§ What to work on
Among the lines below, output only those between the line holding "Then get a 50" and the line holding "G'day everyone and", inclusive, exactly as written and with no pictures.

§ The data
▽

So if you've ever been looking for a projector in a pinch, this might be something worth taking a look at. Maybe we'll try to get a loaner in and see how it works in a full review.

△
▽

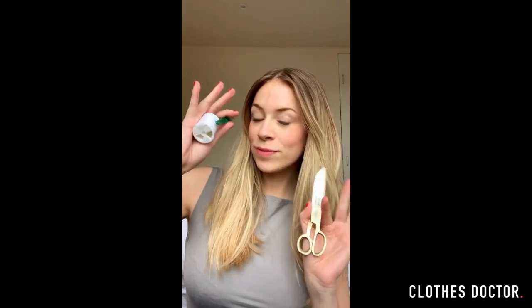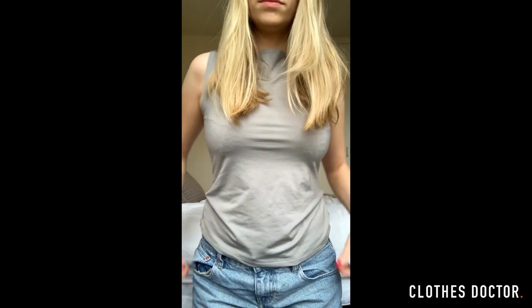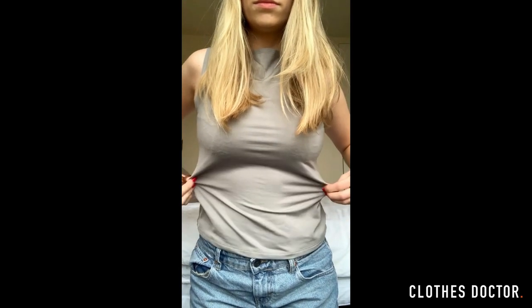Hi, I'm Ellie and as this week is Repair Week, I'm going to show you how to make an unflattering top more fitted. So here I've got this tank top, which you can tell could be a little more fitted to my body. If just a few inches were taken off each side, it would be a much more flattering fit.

△
▽

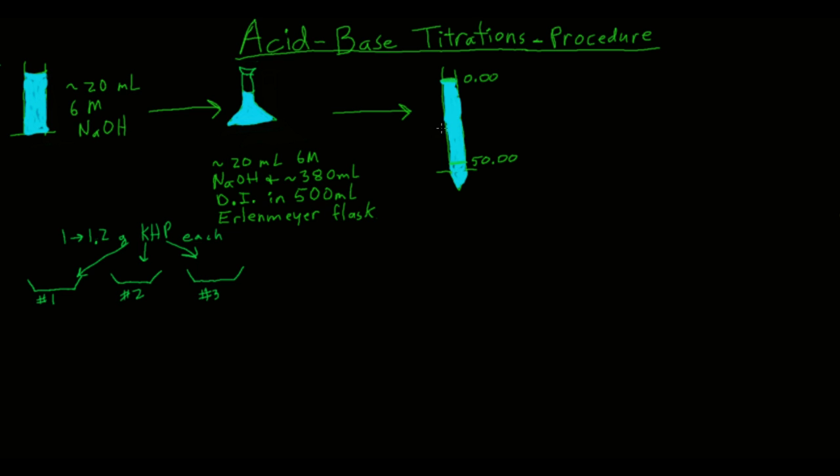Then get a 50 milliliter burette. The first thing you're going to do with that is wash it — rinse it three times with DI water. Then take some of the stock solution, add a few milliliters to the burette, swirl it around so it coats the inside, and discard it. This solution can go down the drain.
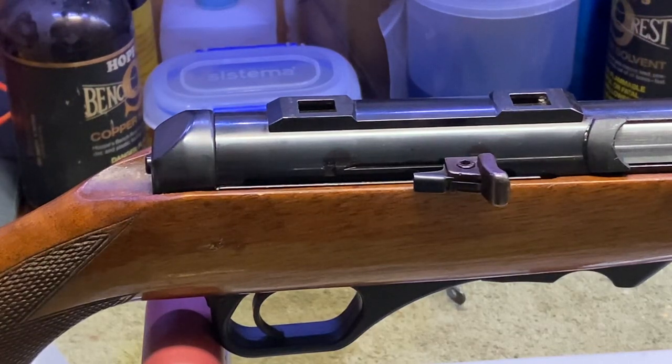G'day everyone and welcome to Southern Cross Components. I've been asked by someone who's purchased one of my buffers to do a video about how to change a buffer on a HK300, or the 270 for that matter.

△

§ Solution to the problem
Then get a 50 milliliter burette. The first thing you're going to do with that is wash it — rinse it three times with DI water. Then take some of the stock solution, add a few milliliters to the burette, swirl it around so it coats the inside, and discard it. This solution can go down the drain.
G'day everyone and welcome to Southern Cross Components. I've been asked by someone who's purchased one of my buffers to do a video about how to change a buffer on a HK300, or the 270 for that matter.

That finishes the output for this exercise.